[Activity]
Pictures are not part of the answer. Return the lines from the one containing "THE BARN, pet" through the end of the data, both included, exactly as they appear.

[Data below]
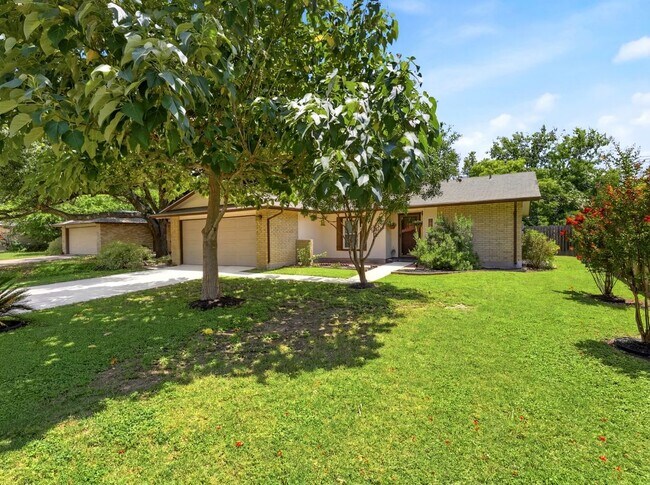 Building Photo - 1114 Churing Dr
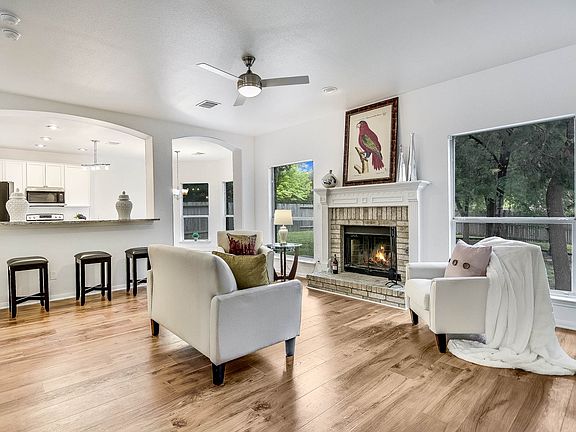 3rd image of 67 Edgecreek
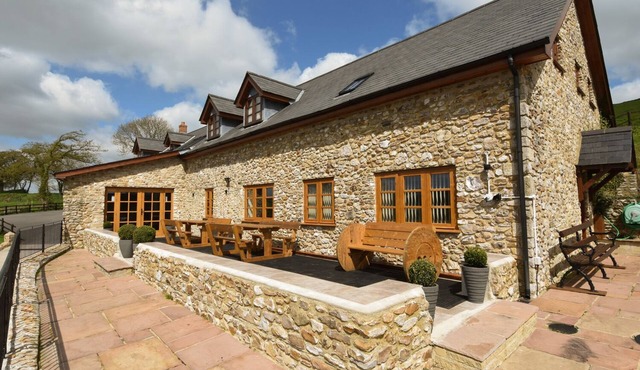 THE BARN, pet friendly, luxury holiday cottage in Southleigh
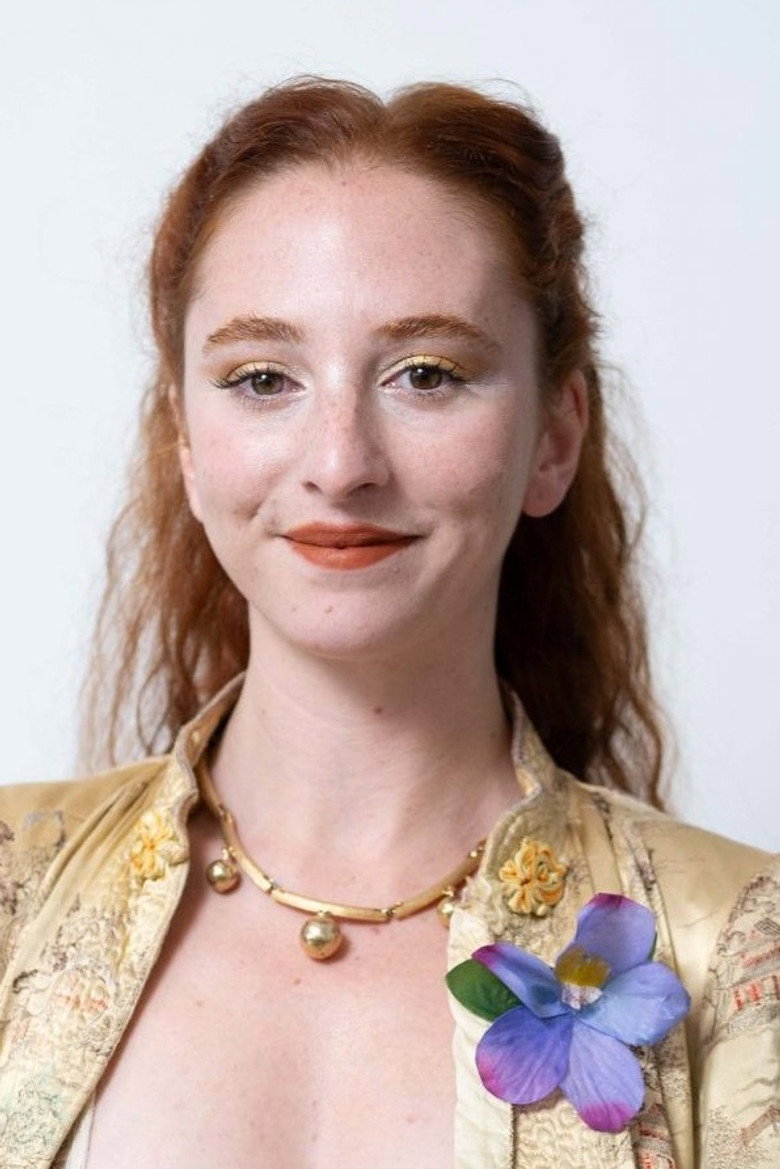 emmy Curl portrait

[Written reply]
 THE BARN, pet friendly, luxury holiday cottage in Southleigh
 emmy Curl portrait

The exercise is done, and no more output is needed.